I ultimately tacked him up two more times (not tied, but still insisting that he stand relatively still), he was relatively good, I lunged him and he was great, and we called it a day.  Because when it takes 75 minutes to get your horse groomed and tacked up you quickly run out of time to ride.

In some ways this meltdown indicated major progress for Murray.  In the past he would have hit the end of his lead rope one time, felt the pressure, ripped right through it, and disappeared.  So the fact that he was feeling the resistance and not automatically increasing the pressure by an order of magnitude (just continuing at the current level of freak out) just to get free is progress.  And he did come back to me and, though it was a struggle, did eventually figure out that he was expected to just stand still in front of me (and only somewhat invaded my personal space).  He was so reasonable during his freak out that I think he might be ready for a rope halter — IMAGINE THAT! Graduating TO a rope halter. Hah.

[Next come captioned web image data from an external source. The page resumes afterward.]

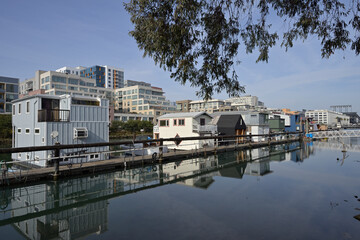 サンフランシスコ東部のウォーターフロント再開発：ミッション・ベイとミッション・クリークのハウスボート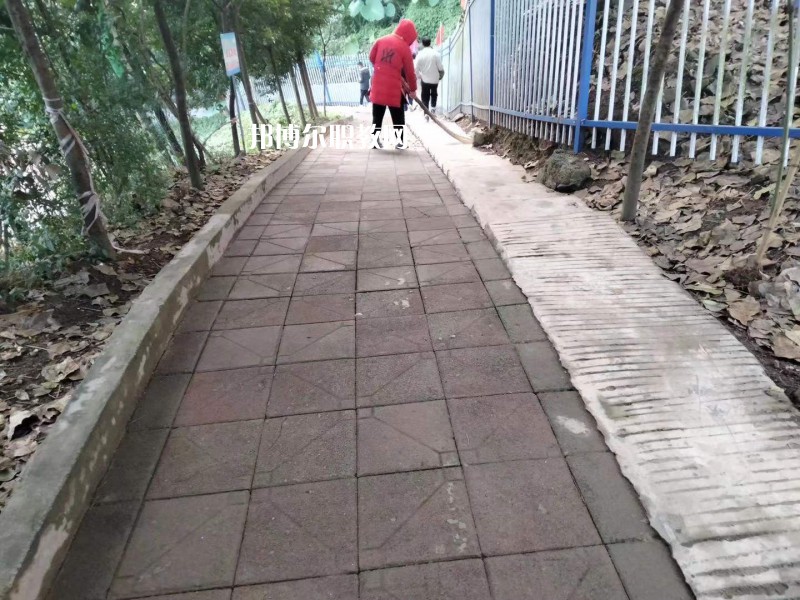 宜賓東方職業(yè)技術(shù)學(xué)校2022年報(bào)名條件、招生要求、招生對象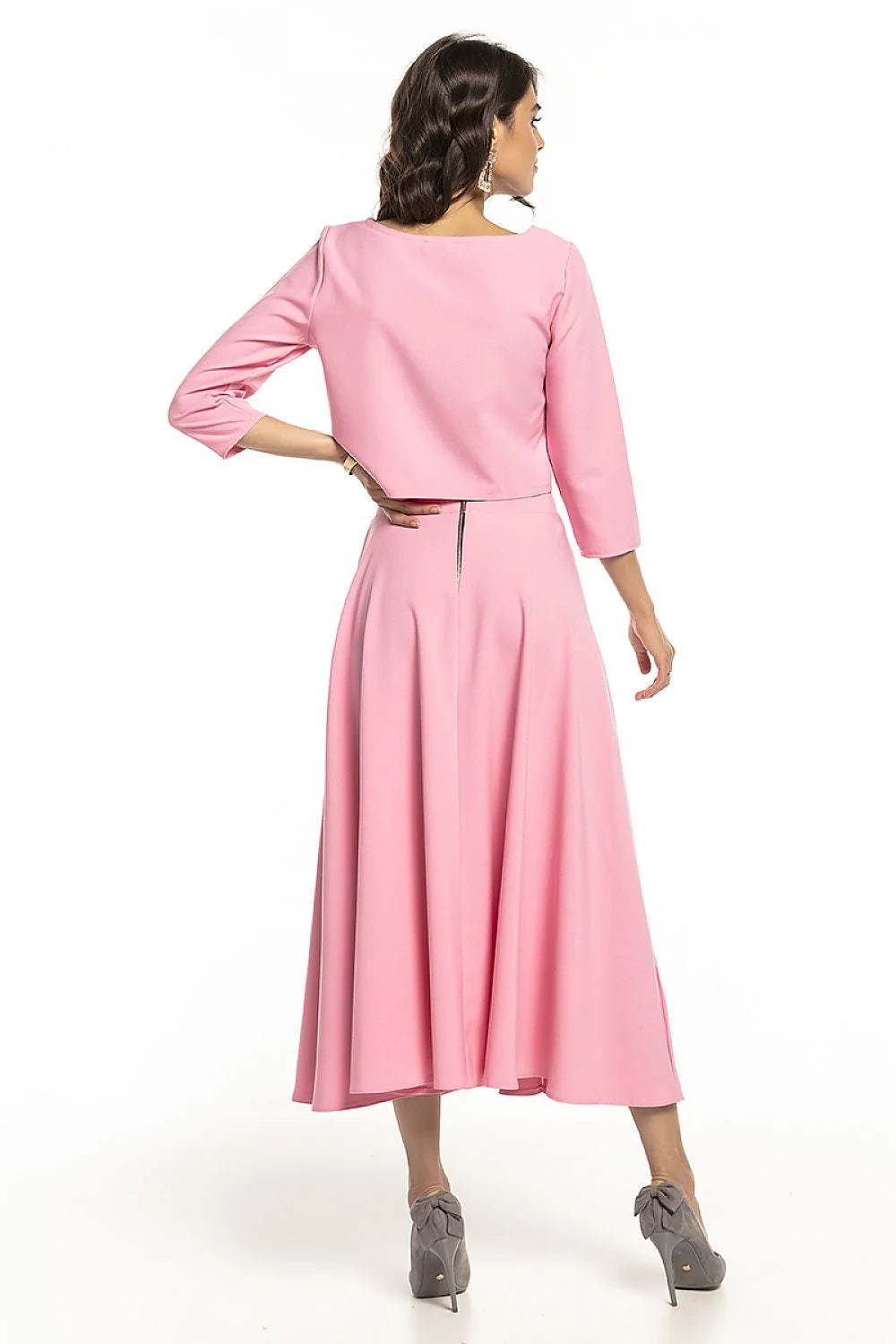 Ensemble élégant gris lavande femme moderne, tissu léger, chic, chemisier ample et jupe longue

But the meltdown itself was over nothing.  I mean, yes, it was about being scared and tied, but the trigger to being scared was… what, being asked to stand for one second longer than he thought he could tolerate? Not getting a treat or being ale to walk off the instant he wanted to?  Sure, I could have avoided the whole thing if I’d just not asked him to stand for that one second, but was the ask really that unreasonable?

I managed to keep myself calm too, and handle it, and not beat the living snot out of him after the fact.  So that’s progress for me.

We will see how Tuesday goes I guess.

I do so desperately wish I’d gotten video.  Dangerous, unpleasant, and indicative of poor training and upbringing as the meltdowns are, they are also ridiculous and absurd and, in their own way, funny.